Deficiency of fibroblast growth factor 21 (FGF21) promotes hepatocellular carcinoma (HCC) in mice on a long term obesogenic diet.

Molecular metabolism (2018-05-14)
Garima Singhal, Gaurav Kumar, Suzanne Chan, Ffolliott M Fisher, Yong Ma, Hilde G Vardeh, Imad A Nasser, Jeffrey S Flier, Eleftheria Maratos-Flier
ANOTACE

Non-alcoholic fatty liver (NAFL) associated with obesity is a major cause of liver diseases which can progress to non-alcoholic steatohepatitis, cirrhosis, and hepatocellular carcinoma (HCC). Fibroblast growth factor 21 (FGF21) plays an important role in liver metabolism and is also a potential marker for NAFL. Here we aimed to test the effect of FGF21 deficiency on liver pathology in mice consuming a conventional high fat, high sucrose (HFHS) obesogenic diet for up to 52 weeks. C57BL6 WT and FGF21 KO mice were fed a conventional obesogenic diet and were evaluated at 16 and 52 weeks. Evaluation included metabolic assessment, liver pathology, and transcriptomic analysis.
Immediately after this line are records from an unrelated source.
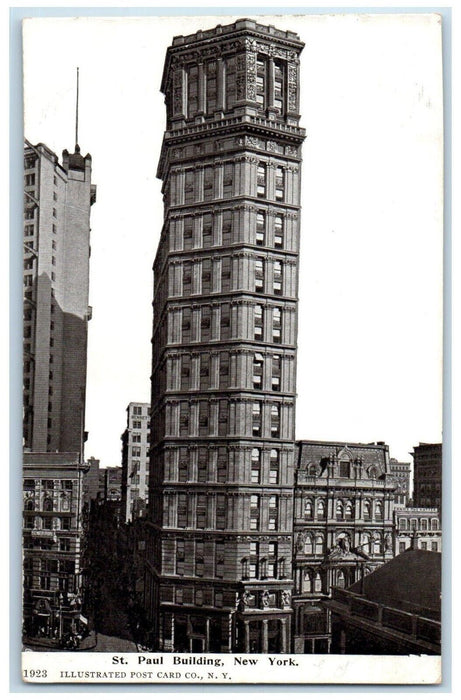 c1905 St. Paul Building Street View New York NY Unposted Antique Postcard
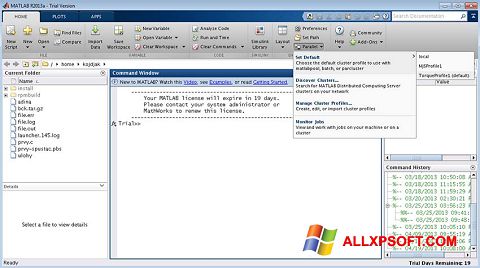 Ekrano kopija MATLAB Windows XP
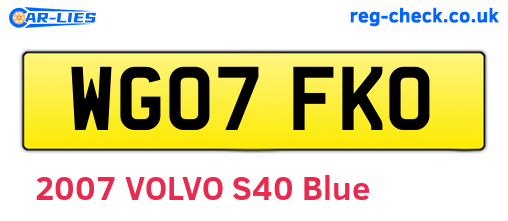 WG07FKO are the vehicle registration plates.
With consumption of HFHS diet, FGF21 deficient mice (FGF21 KO) develop excess fatty liver within 16 weeks. Hepatic pathology progresses and at 52 weeks FGF21 KO mice show significantly worse fibrosis and 78% of mice develop HCC; in contrast only 6% of WT mice develop HCC. Well differentiated hepatocellular carcinomas in FGF21 KO mice were characterized by expanded hepatic plates, loss of reticulin network, cytologic atypia, and positive immunostaining for glutamine synthetase. Microarray analysis reveals enrichment of several fibroblast growth factor signaling pathways in the tumors. In addition to attenuating inflammation and fibrosis in mice under a number of dietary challenges, we show here that FGF21 is required to limit the progression from NAFL to HCC in response to prolonged exposure to an obesogenic diet. The induction of hepatic FGF21 in response to the high fat, high sucrose obesogenic diet may play an important role in limiting progression of liver pathology from NAFL to HCC.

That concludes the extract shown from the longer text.